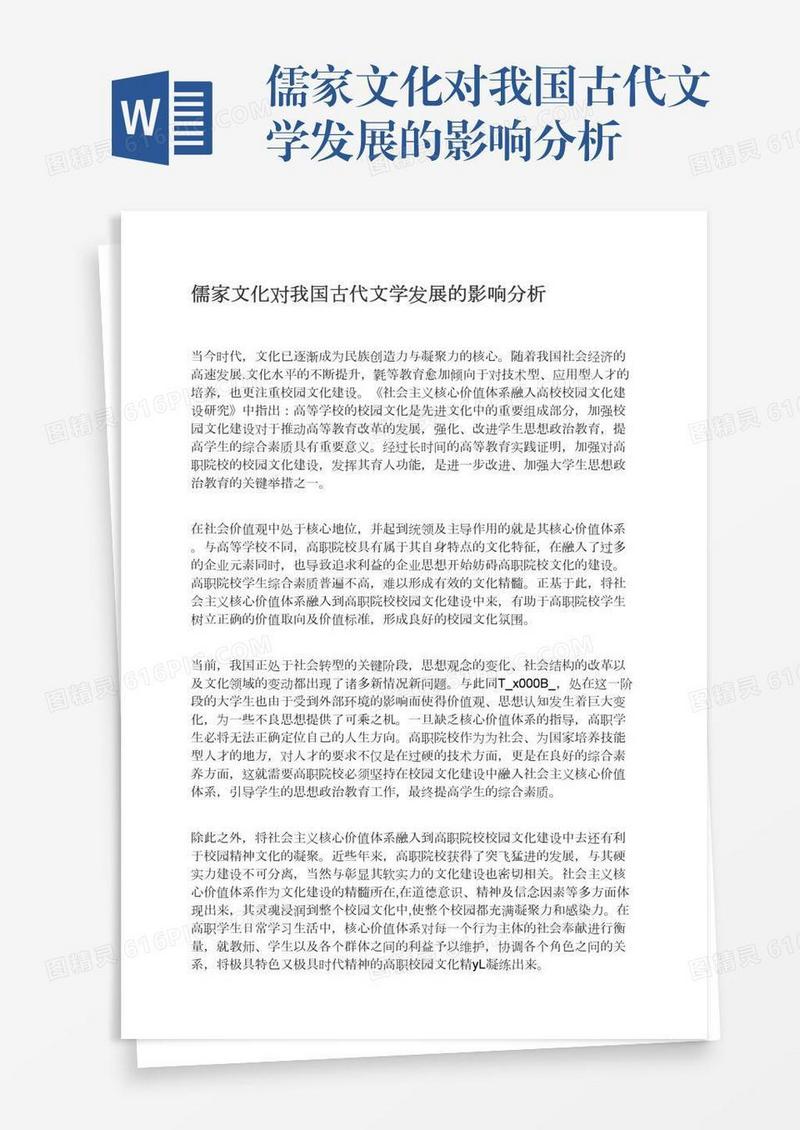 儒家文化对我国古代文学发展的影响分析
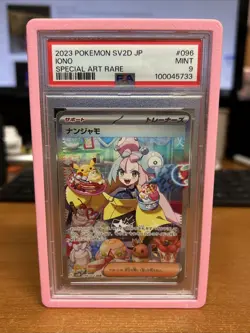 Pokemon Card PSA 9 MINT Iono Holo Trainer SV2D Japanese 2023 SAR 096/071 - Image 1
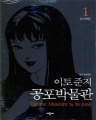 ڹ (1~10) [][r]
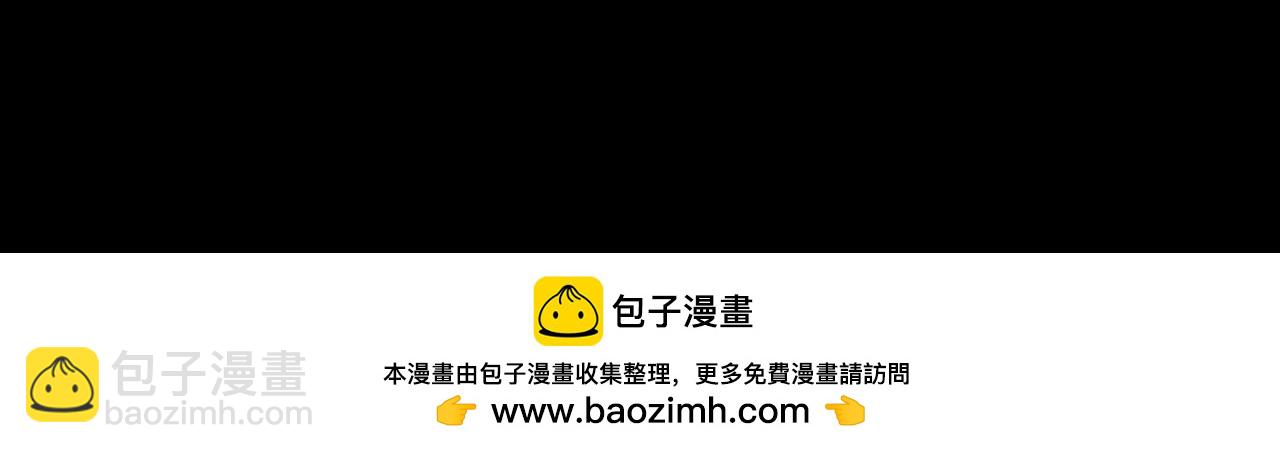 第115话 林风vs魏无际！139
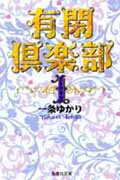 有閑倶楽部 1 （集英社文庫(コミック版)） [ 一条 ゆかり ]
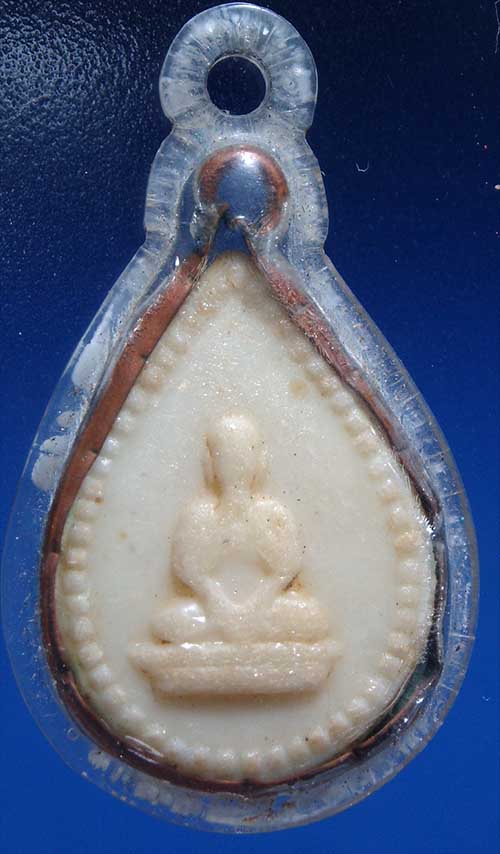 พระปิดตาลพ.เดิม วัดหนองโพ เลี่ยมโบราณเดิมๆ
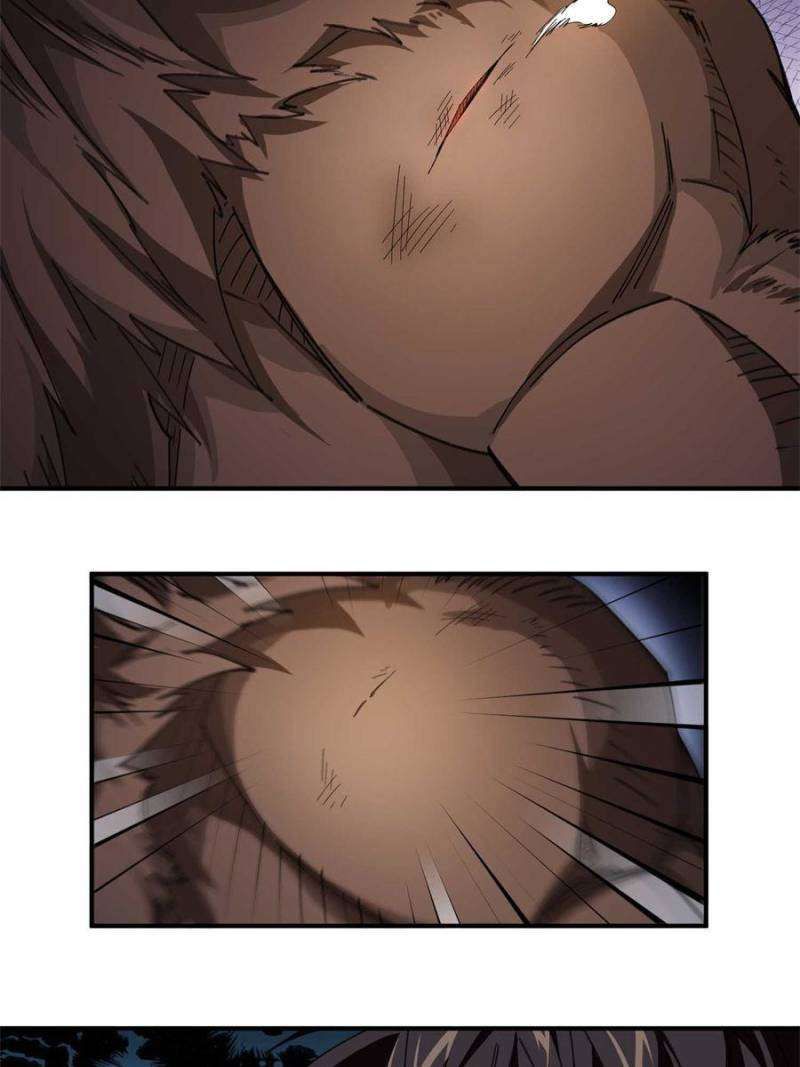 Virtual World: Close Combat Mage chapter 341 page 8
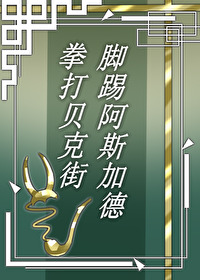 贝克街的英文怎么说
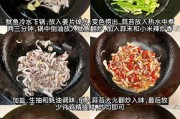 孩子补锌硒有啥好处？别乱买补剂，食补最安全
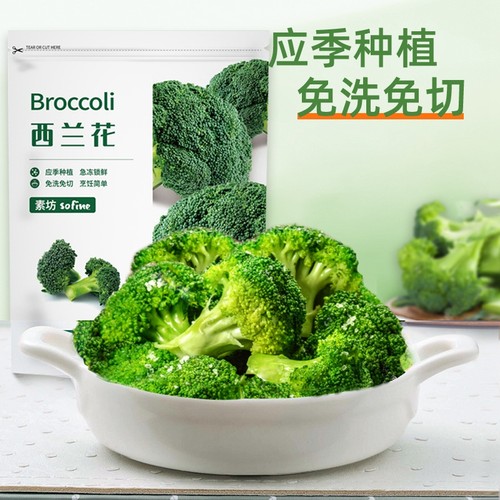 西兰花应季新鲜蔬菜山东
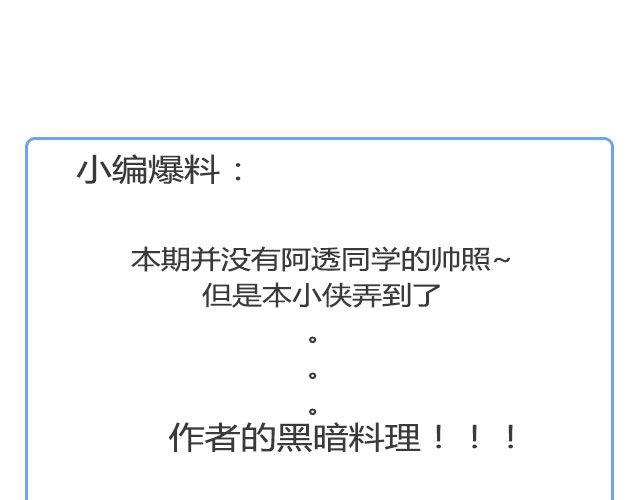 第28期 焦糖苹果砂蛋糕28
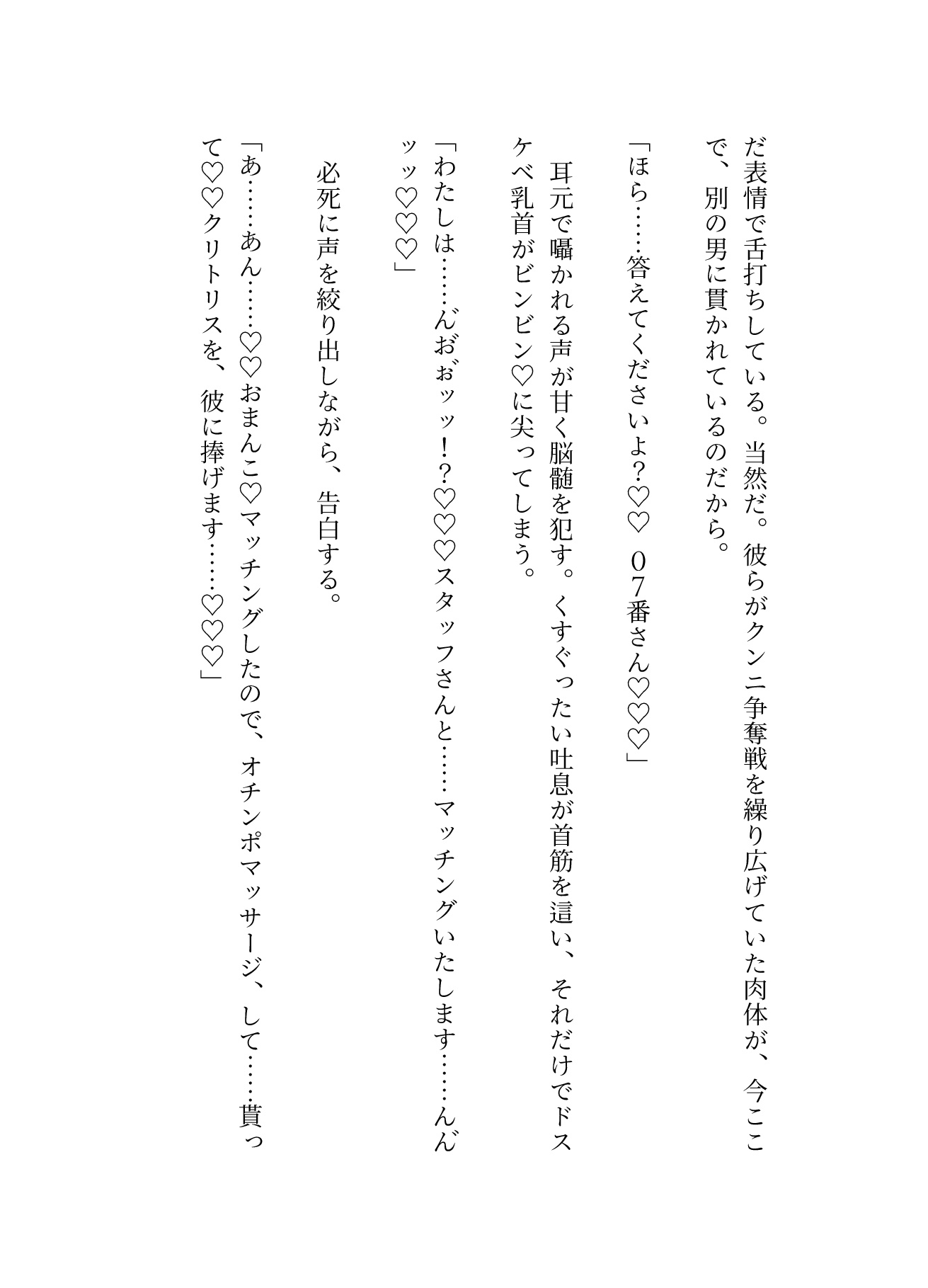 クリ婚活パーティ♡カーテン越しのクンニ『美形12人のクリ責め、性癖マッチングでオチン◯マッサージ！オホ声まんこイキまくりのオールハッピー』エクストラend♡13P [FURFUR] | DLsiteがるまに 6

·····

# PROMPT
Reproduce the listing word for word and omit its pictures.

# EXPECTED ANSWER
 儒家文化对我国古代文学发展的影响分析
 Pokemon Card PSA 9 MINT Iono Holo Trainer SV2D Japanese 2023 SAR 096/071 - Image 1
 ڹ (1~10) [][r]
 第115话 林风vs魏无际！139
 有閑倶楽部 1 （集英社文庫(コミック版)） [ 一条 ゆかり ]
 พระปิดตาลพ.เดิม วัดหนองโพ เลี่ยมโบราณเดิมๆ
 Virtual World: Close Combat Mage chapter 341 page 8
 贝克街的英文怎么说
 孩子补锌硒有啥好处？别乱买补剂，食补最安全
 西兰花应季新鲜蔬菜山东
 第28期 焦糖苹果砂蛋糕28
 クリ婚活パーティ♡カーテン越しのクンニ『美形12人のクリ責め、性癖マッチングでオチン◯マッサージ！オホ声まんこイキまくりのオールハッピー』エクストラend♡13P [FURFUR] | DLsiteがるまに 6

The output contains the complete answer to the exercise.